In passing, Harnik observes that the City's premier parks are utilized as tourist attractions. Hotels and Sea World Amusement Park in Mission Bay return money to the city for leases and as hotel occupancy taxes . A percentage of the City's general hotel motel tax money is returned to Mission Bay and Balboa Park every year to defray the cost of capital improvements. Other moneys for maintenance and improvements come from the City's General Fund. The amount of money available is contingent on the state of the City's economy, the priority of other projects and the discretion of the City Council. The most incisive part of Harnik's study of San Diego's park system is his discussion of how the City is to pay for the acquisition of new parkland. He is less sure of how the City is gong to pay for its maintenance once acquired. Since the City cannot raise property taxes to pay for government services, a consequence of the passage of Proposition 13 in 1978, it must rely on neighborhood assessments, a citywide assessment tacked on gas and electric bills, and money received from land developers in exchange for development rights. In practice, money from these various assessments is spent to acquire parkland in high-income regions of the city and not in poorer central and southern areas. Even the Maintenance Assessment Districts, authorized by California's 1996 "Right to Vote on Taxes" Act, is no guarantee that additional money will be available as each neighborhood must approve charges for projects above the Park Department's uniform level of service and the neighborhoods can contract with private landscaping companies rather than the Park Department to do the work. Once again, poor neighborhoods in the City suffer as householders in them cannot afford to pay the cost of additional assessments. 
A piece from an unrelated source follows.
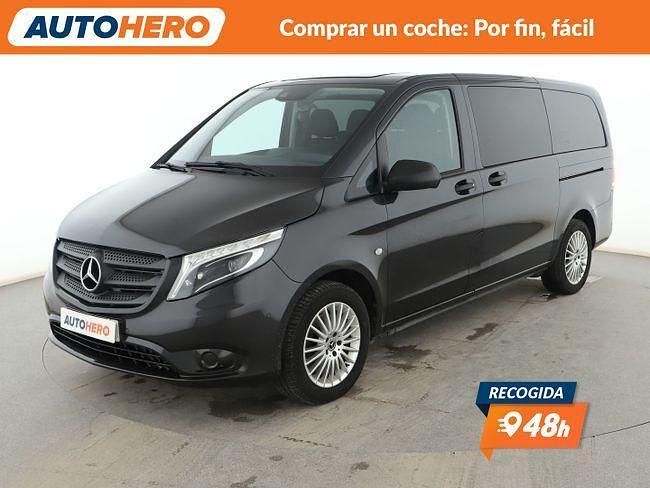 Usado Mercedes Vito 163 CV (119 kW) 2021 Negro Van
It may be that some of Harnik's statistics are suspect. There are a lot of them from lists of cities profiting from developer impact fees (7 in this study) to tables showing the total parks and open spaces by acres in cities to the number of public swimming pools per 100,000 residents by city. Park departments may sometimes be careless in reporting figures. They may also exaggerate to show that their cities are the best in one way or another. To say that a city has so many acres of park land may not be true. For one thing, is it "dedicated" park land that cannot be taken away from the people except by vote? Is it "open space" that can be seen from afar but not visited? (In San Diego 14,099 acres are classified as dedicated city parkland and 5,699 acres as dedicated open space.) 

Is it a view point, a play field, a school lot, a community center, or an abandoned lot that is used temporarily for community gardens or play courts? Is it, in the case of Houston, a 10,534-acre flood-control facility leased by Houston from the U.S. Corps of Army Engineers and equipped with sports fields, trails, rest rooms and picnic tables that is periodically inundated by 10,000 acres of water? This is not to say that Harnik's figures are not important as indications of how a city is developing or how it compares with others. It is merely a caution that any statistical interpretation is subject to change over time or when different methods of evaluation are employed. 

Despite these cavils, park lovers in all the cities covered, including Chicago, Boston, Philadelphia, Miami, Minneapolis, Cleveland, Pittsburgh, San Diego, Seattle, St. Louis, Cincinnati, Portland, Oregon, Denver, Houston, Dallas, Atlanta, Phoenix, Tampa and Kansas City, and in those no less important cities that are not, including San Antonio, San Jose, Jacksonville, Columbus, El Paso, Memphis, Milwaukee, Austin, Washington, Nashville, and Charlotte, should read "Inside City Parks" because it shows the weaknesses and strengths of park systems as they exist and indicates, in a "Conclusion" directed toward the heads of park departments, the means to make them better. 

NOTE: An abbreviated version of the above review appears in amazon.com.